Pour redonner de la valeur à ces actifs, il faudrait de la croissance, une forte croissance. Mais elle n’existe ni en Europe, ni dans les pays anglo-saxons. Les banques centrales (BCE, FED) peuvent injecter toutes les liquidités qu’elles veulent, les effets sont nuls voir négatifs, puisque le problème n’est pas de gonfler la masse monétaire (déjà artificiellement trop importante et sans contrepartie de vraie richesse produite). Le problème se pose à l’endroit des très fortes dépréciations des actifs détenus par les établissements financiers, dépréciations non encore actées, pas encore comptabilisées, mais dont l’existence est connue des professionnels depuis quelques mois maintenant. Le silence sur ce sujet ne pourra plus durer longtemps. La réalité devrait éclater d’ici quelques mois, pénalisant les épargnants européens et surtout anglo-saxons.
Face à cette situation de fort risque de défaillance bancaire, il est inutile de courir à son guichet pour y retirer tout son argent. Lors des moments de crises bancaires, le taux de cambriolage des maisons monte en flèche et l’argent sous le matelas est encore plus en danger.
La solution consiste donc plutôt à bien choisir sa ou ses banques, sa ou ses compagnies d’assurance-vie, que l’on soit un particulier ou une entreprise.
Il ne faut pas compter non plus sur « l’effet de masse », celui qui consiste à penser que son établissement financier est un « géant » donc indestructible. En 2008, A.I.G (la 1re compagnie d’assurance au monde) a dû être sauvée de la faillite par les autorités américaines.

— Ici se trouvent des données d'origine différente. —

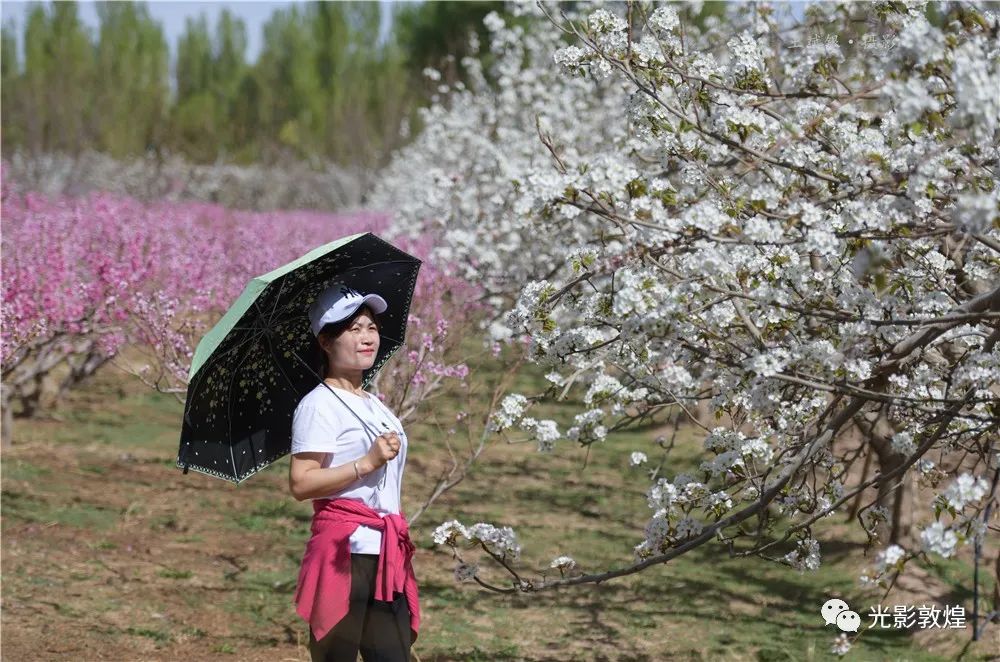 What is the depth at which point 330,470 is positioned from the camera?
379cm

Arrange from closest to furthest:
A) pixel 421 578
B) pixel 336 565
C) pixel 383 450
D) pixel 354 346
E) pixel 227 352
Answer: pixel 383 450 → pixel 336 565 → pixel 354 346 → pixel 227 352 → pixel 421 578

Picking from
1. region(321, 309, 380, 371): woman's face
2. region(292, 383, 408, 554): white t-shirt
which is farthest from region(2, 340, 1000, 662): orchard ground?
region(321, 309, 380, 371): woman's face

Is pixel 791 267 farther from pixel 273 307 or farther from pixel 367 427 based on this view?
pixel 273 307

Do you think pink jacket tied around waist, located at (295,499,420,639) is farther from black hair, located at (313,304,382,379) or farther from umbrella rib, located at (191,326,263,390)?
umbrella rib, located at (191,326,263,390)

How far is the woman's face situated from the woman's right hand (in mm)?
386

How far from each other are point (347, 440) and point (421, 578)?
426 cm

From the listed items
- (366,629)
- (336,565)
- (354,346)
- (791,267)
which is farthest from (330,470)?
(791,267)

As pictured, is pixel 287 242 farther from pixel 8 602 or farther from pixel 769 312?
pixel 769 312

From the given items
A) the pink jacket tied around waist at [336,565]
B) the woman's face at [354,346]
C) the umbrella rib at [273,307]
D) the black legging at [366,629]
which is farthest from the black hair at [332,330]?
the black legging at [366,629]

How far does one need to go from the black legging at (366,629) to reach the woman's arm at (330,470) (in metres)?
0.28

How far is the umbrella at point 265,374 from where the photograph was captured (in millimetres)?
4273

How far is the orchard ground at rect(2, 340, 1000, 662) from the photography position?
256 inches

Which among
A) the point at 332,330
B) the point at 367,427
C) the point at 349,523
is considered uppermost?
the point at 332,330

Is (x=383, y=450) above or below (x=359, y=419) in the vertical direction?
below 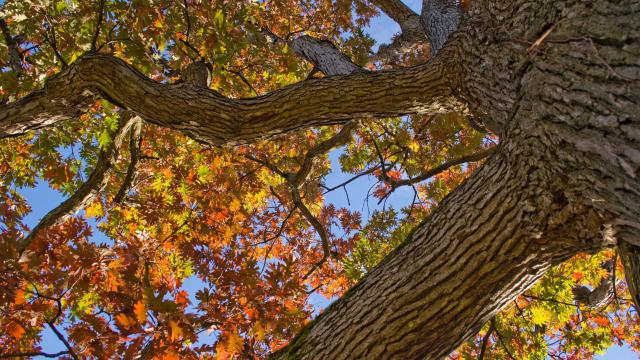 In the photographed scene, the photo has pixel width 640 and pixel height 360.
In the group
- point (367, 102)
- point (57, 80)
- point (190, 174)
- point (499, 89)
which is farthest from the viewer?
point (190, 174)

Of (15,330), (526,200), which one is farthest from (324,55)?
(15,330)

Plus proches de nous, l’année dernière, la compagnie d’assurance « Groupama » et la banque « Dexia » ont également dû être aidées pour échapper à la banqueroute.
Hier, le choix d’une banque ou d’une compagnie d’assurance s’appuyait sur des considérations relatives à sa notoriété, à ses tarifs, son implantation. Aujourd’hui, il faut en priorité faire son choix selon des critères de solvabilité afin de passer, dans les meilleures conditions possible, la crise financière et bancaire qui s’annonce d’une façon imminente.
Estimer la solvabilité d’une banque ou d’une compagnie d’assurance-vie n’est pas aisée tant la lecture de leur bilan est complexe. C’est pourquoi de plus en plus d’investisseurs consultent au préalable des Cabinets spécialisés et indépendants pour les aider dans leurs choix. Mais même avec cette précaution, la prudence est de mise et la diversification dans plusieurs établissements dont le bilan est sain doit être recommandée.